> _Information_:
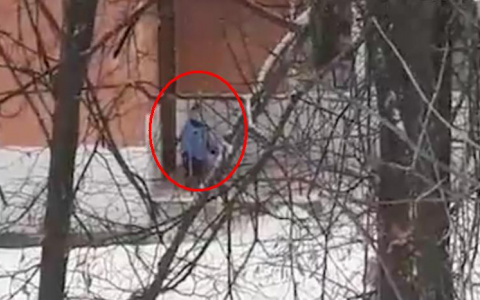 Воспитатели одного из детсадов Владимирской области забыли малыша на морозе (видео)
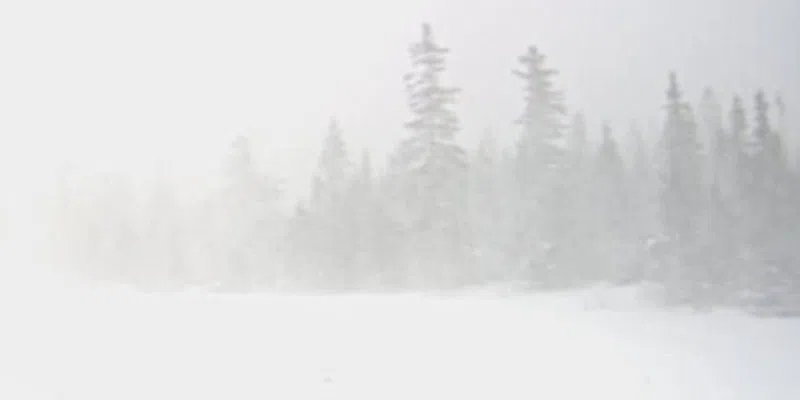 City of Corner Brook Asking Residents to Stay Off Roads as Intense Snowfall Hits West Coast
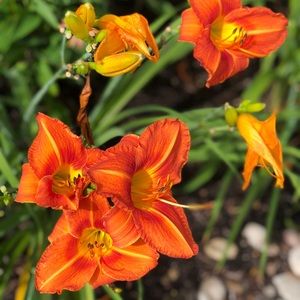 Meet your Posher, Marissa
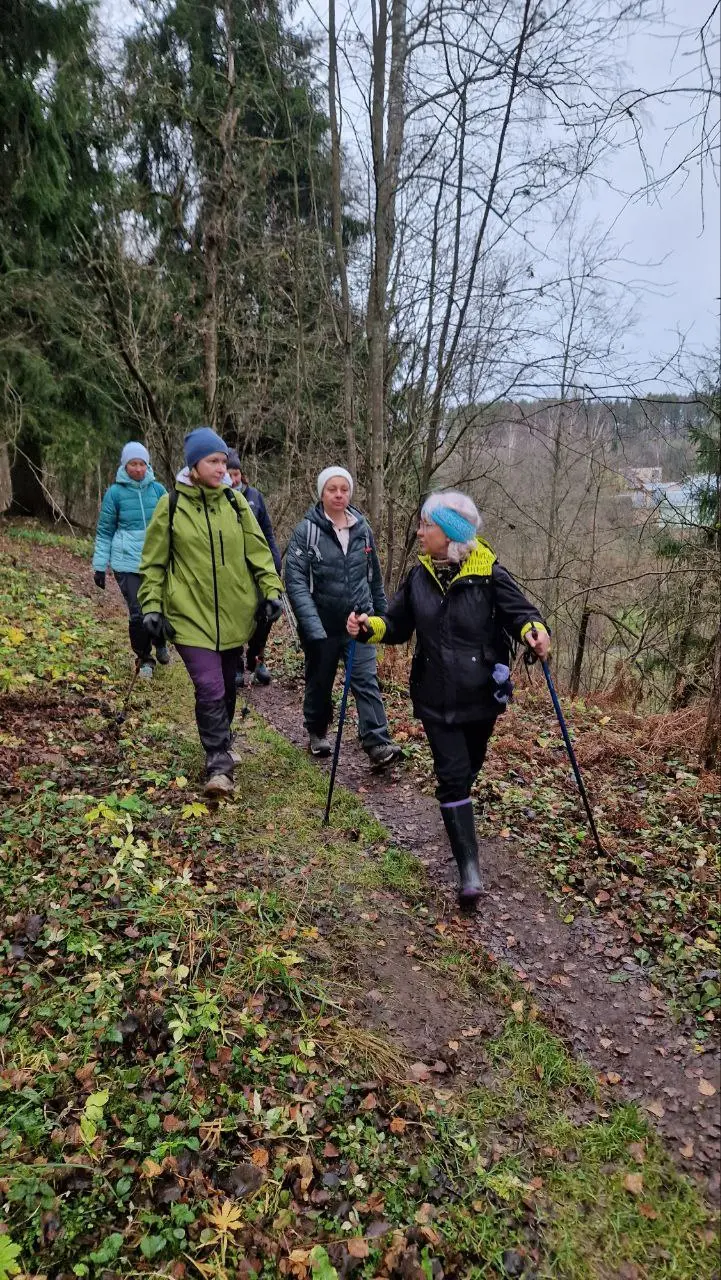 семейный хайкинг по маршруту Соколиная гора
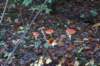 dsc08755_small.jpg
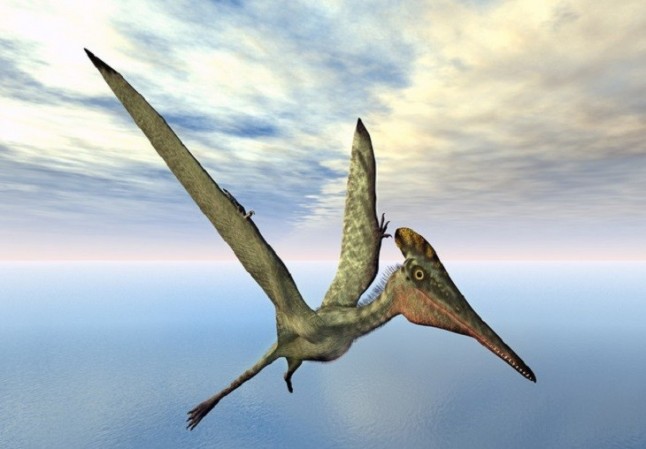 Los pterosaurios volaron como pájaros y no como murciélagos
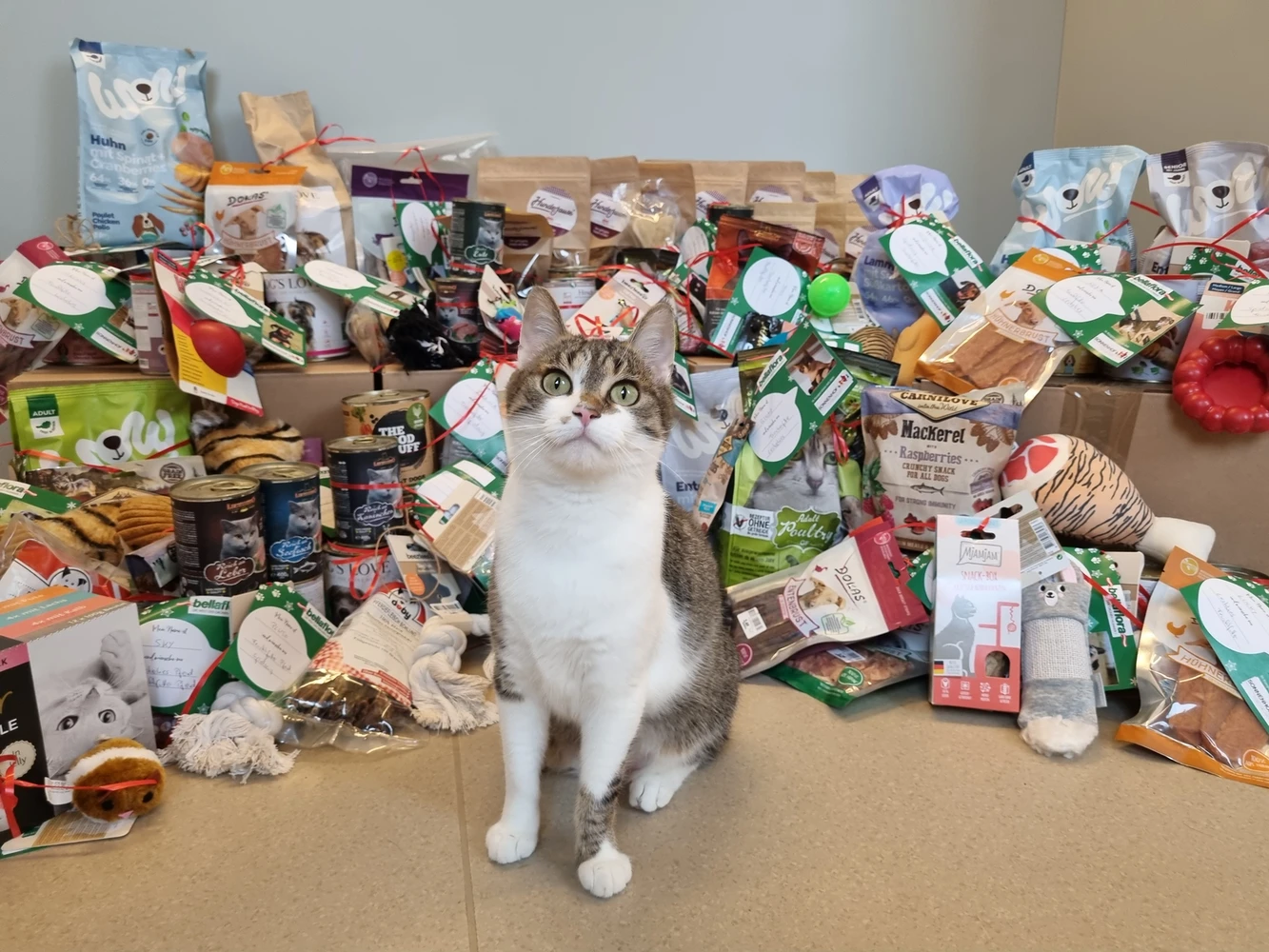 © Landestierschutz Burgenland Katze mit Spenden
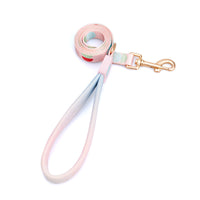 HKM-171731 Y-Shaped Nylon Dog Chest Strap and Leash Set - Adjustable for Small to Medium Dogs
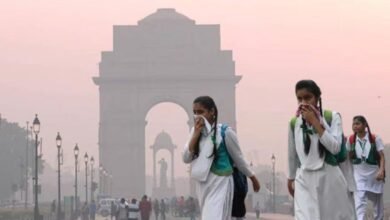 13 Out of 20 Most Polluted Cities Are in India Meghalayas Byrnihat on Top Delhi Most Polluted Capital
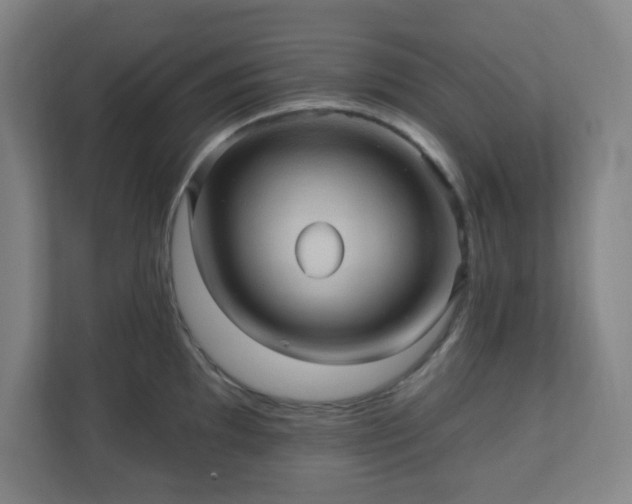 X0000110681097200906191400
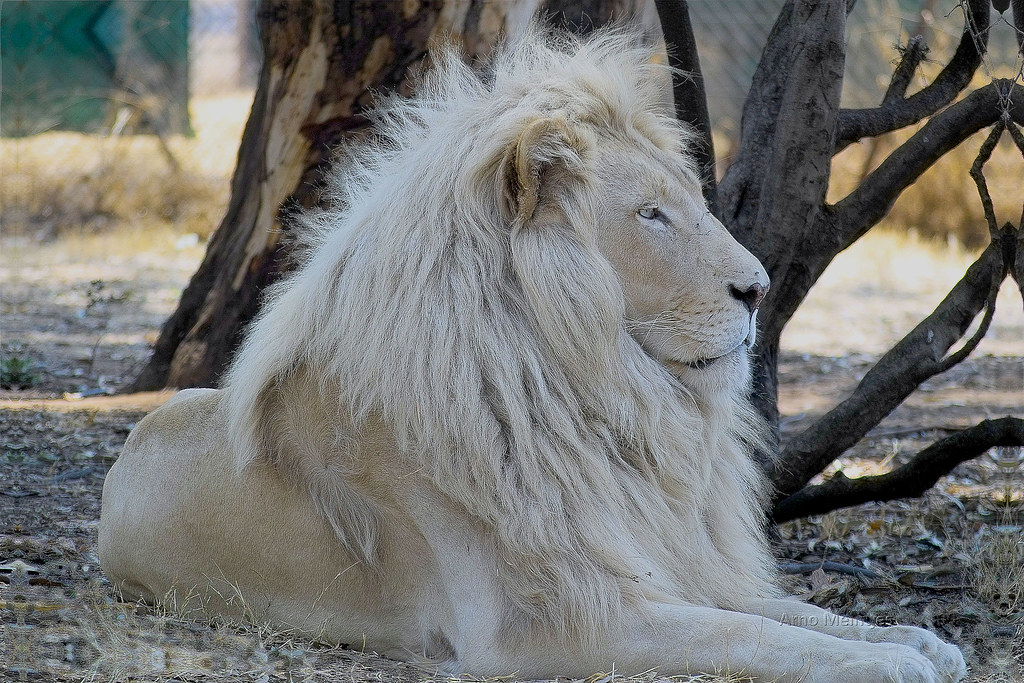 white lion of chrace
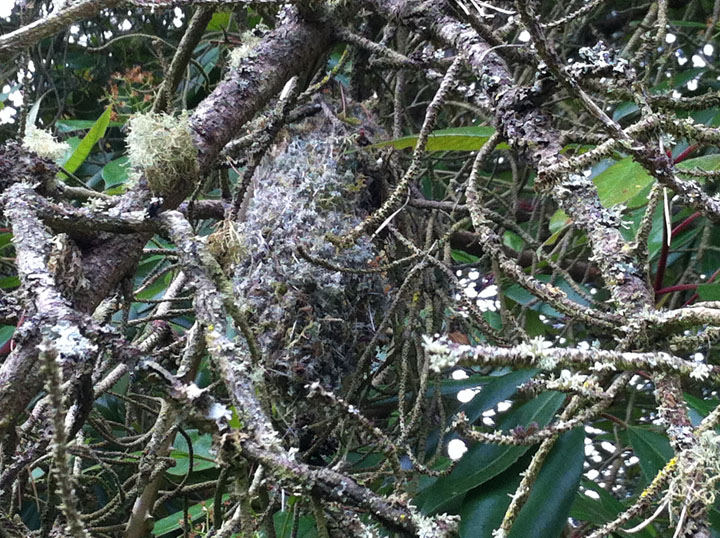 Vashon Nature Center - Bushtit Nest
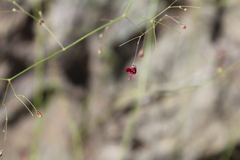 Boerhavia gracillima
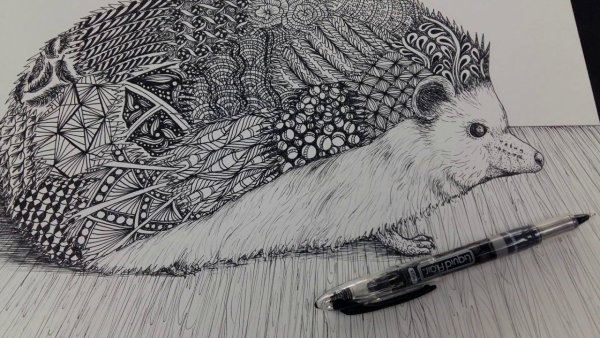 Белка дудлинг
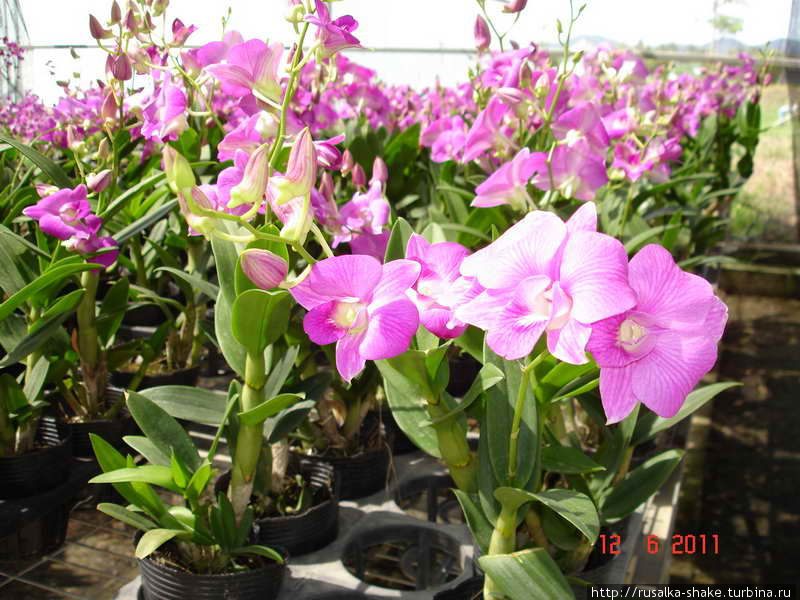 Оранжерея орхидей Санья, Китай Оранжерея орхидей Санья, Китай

> _Exercise description_: What you write must match, line for line, the records from the line containing "Katze mit Spenden" through the last line, with every picture left out.

> _Answer_:
 © Landestierschutz Burgenland Katze mit Spenden
 HKM-171731 Y-Shaped Nylon Dog Chest Strap and Leash Set - Adjustable for Small to Medium Dogs
 13 Out of 20 Most Polluted Cities Are in India Meghalayas Byrnihat on Top Delhi Most Polluted Capital
 X0000110681097200906191400
 white lion of chrace
 Vashon Nature Center - Bushtit Nest
 Boerhavia gracillima
 Белка дудлинг
 Оранжерея орхидей Санья, Китай Оранжерея орхидей Санья, Китай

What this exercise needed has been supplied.